### Exercise details
Write out, word for word and with no pictures, each line below from the one containing "Mandatory Credit: Photo" through the one containing "Persona con auriculares", both included, and no other line.

### Data below
= Beginning of Section =

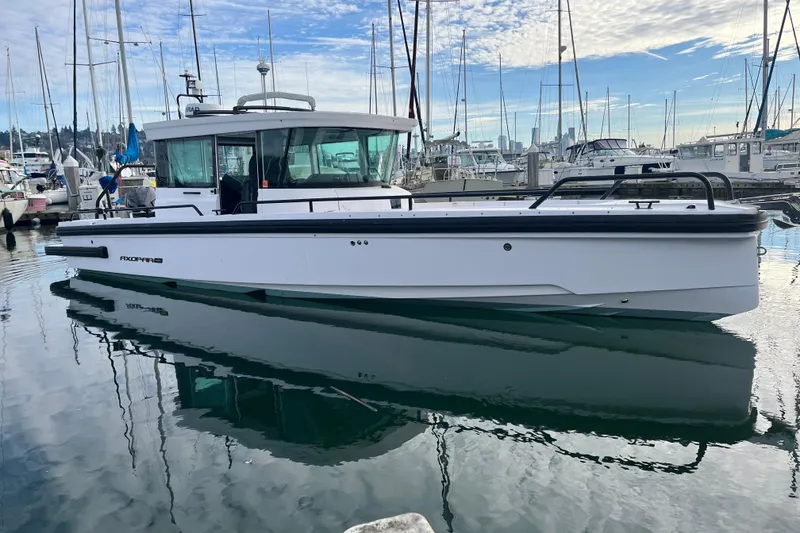 Slide: The Image of 2021 Axopar 28 Cabin boat docked in a marina, reflecting on calm water. - 46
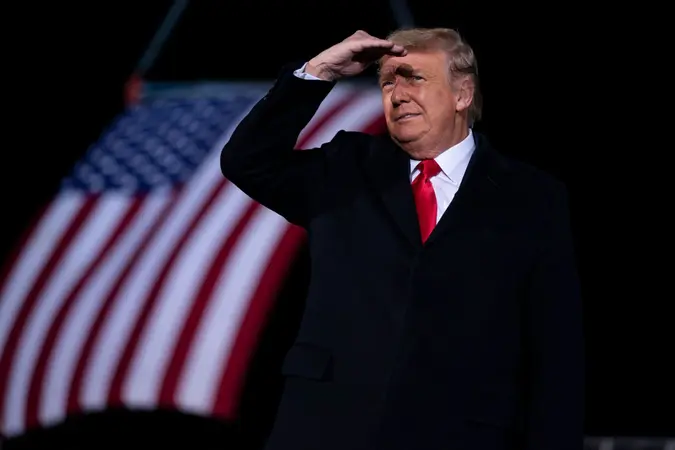 Mandatory Credit: Photo by Evan Vucci/AP/Shutterstock (11696349a)President Donald Trump arrives to speak at a campaign rally for Sen.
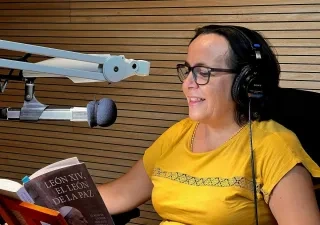 Persona con auriculares sentada en un estudio de grabación frente a un micrófono profesional mientras lee el libro León XIV, el León de la paz, de Almudena Hernández. La imagen muestra la grabación de la versión sonora de la obra, con paneles acústicos de madera al fondo y el ejemplar abierto sobre un atril.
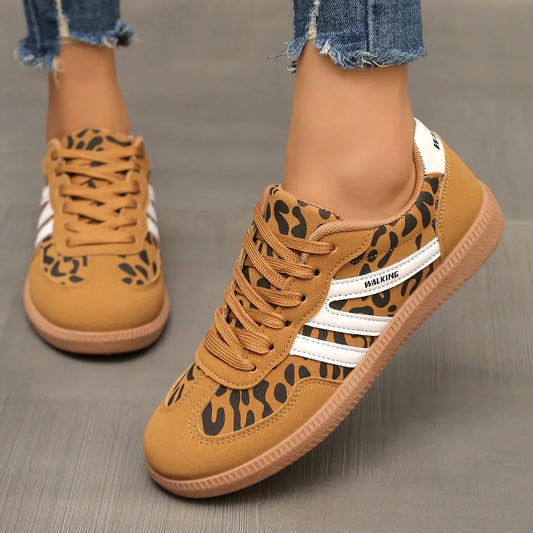"Women's modern low-top lace-up sneakers with chic side stripes, perfect for casual attire and sporty wear."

= End of Section =

### Task response
 Mandatory Credit: Photo by Evan Vucci/AP/Shutterstock (11696349a)President Donald Trump arrives to speak at a campaign rally for Sen.
 Persona con auriculares sentada en un estudio de grabación frente a un micrófono profesional mientras lee el libro León XIV, el León de la paz, de Almudena Hernández. La imagen muestra la grabación de la versión sonora de la obra, con paneles acústicos de madera al fondo y el ejemplar abierto sobre un atril.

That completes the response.